After two separate incidents of missiles fired at U.S. navy ships from Houthi-controlled areas of Yemen, the U.S. struck back, launching tomahawk missiles and destroying coastal radar installations in the country.
Yemen is in the throes of a bloody civil war between the government, supported by Saudi Arabia and its ally the United States, and the Iran-backed Houthi rebels.
In both attacks on Navy ships — one on Tuesday and one on Wednesday evening — U.S. vessels were intentionally targeted by Houthi-controlled radar stations before being fired upon.

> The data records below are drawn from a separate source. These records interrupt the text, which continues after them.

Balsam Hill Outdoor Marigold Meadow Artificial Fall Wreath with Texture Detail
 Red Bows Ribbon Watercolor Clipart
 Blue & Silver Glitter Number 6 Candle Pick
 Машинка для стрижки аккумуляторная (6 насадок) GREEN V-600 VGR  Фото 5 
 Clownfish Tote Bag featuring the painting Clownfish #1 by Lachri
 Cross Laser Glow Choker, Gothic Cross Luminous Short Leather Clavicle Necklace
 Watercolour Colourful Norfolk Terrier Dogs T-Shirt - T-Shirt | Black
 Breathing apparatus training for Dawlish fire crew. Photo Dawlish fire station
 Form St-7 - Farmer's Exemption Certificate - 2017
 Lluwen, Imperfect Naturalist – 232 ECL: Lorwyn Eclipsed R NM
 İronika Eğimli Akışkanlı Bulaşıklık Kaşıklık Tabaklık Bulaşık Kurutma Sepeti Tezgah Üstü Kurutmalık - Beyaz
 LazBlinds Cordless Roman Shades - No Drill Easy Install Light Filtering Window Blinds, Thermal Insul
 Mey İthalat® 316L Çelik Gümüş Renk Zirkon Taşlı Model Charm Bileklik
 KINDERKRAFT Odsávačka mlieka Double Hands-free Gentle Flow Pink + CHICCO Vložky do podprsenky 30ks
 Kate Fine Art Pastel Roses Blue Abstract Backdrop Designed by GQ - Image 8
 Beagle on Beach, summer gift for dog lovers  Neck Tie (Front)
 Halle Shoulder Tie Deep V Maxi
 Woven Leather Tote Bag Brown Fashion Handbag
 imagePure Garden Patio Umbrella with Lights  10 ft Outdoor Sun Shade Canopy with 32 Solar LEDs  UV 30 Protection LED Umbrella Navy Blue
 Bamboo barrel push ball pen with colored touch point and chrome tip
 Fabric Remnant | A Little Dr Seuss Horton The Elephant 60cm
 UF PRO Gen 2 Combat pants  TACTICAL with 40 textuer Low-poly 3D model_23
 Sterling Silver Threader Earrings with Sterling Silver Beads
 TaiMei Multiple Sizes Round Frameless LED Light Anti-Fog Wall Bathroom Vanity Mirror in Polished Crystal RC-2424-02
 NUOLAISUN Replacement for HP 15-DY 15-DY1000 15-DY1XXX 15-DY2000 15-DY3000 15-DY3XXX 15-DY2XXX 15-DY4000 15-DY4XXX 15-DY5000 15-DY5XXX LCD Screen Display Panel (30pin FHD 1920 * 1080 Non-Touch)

Both times, the missiles failed to find their intended targets, but officials have said that they are sure rebels were intentionally targeting the American ships because spotters were witnessed nearby before the missiles were launched.
“Anybody who puts U.S. Navy ships at risk,” Captain Jeff Davis, a U.S. Defense Department spokesman, said on Tuesday, “does so at their own peril.”
According to Pentagon press secretary Peter Cook, President Obama promptly approved the strikes, the idea being that by destroying the Houthi radars, it will be much harder for rebels to target U.S. ships in the future.
Recent strikes on the United States Navy are believed to be retaliation for an air strike over the weekend, which killed 140 people and has been widely blamed on Saudi Arabia.
“These limited self-defense strikes were conducted to protect our personnel, our ships, and our freedom of navigation in this important maritime passageway,” Cook said about Wednesday’s action. “The United States will respond to any further threat to our ships and commercial traffic, as appropriate, and will continue to maintain our freedom of navigation in the Red Sea … and elsewhere around the world.”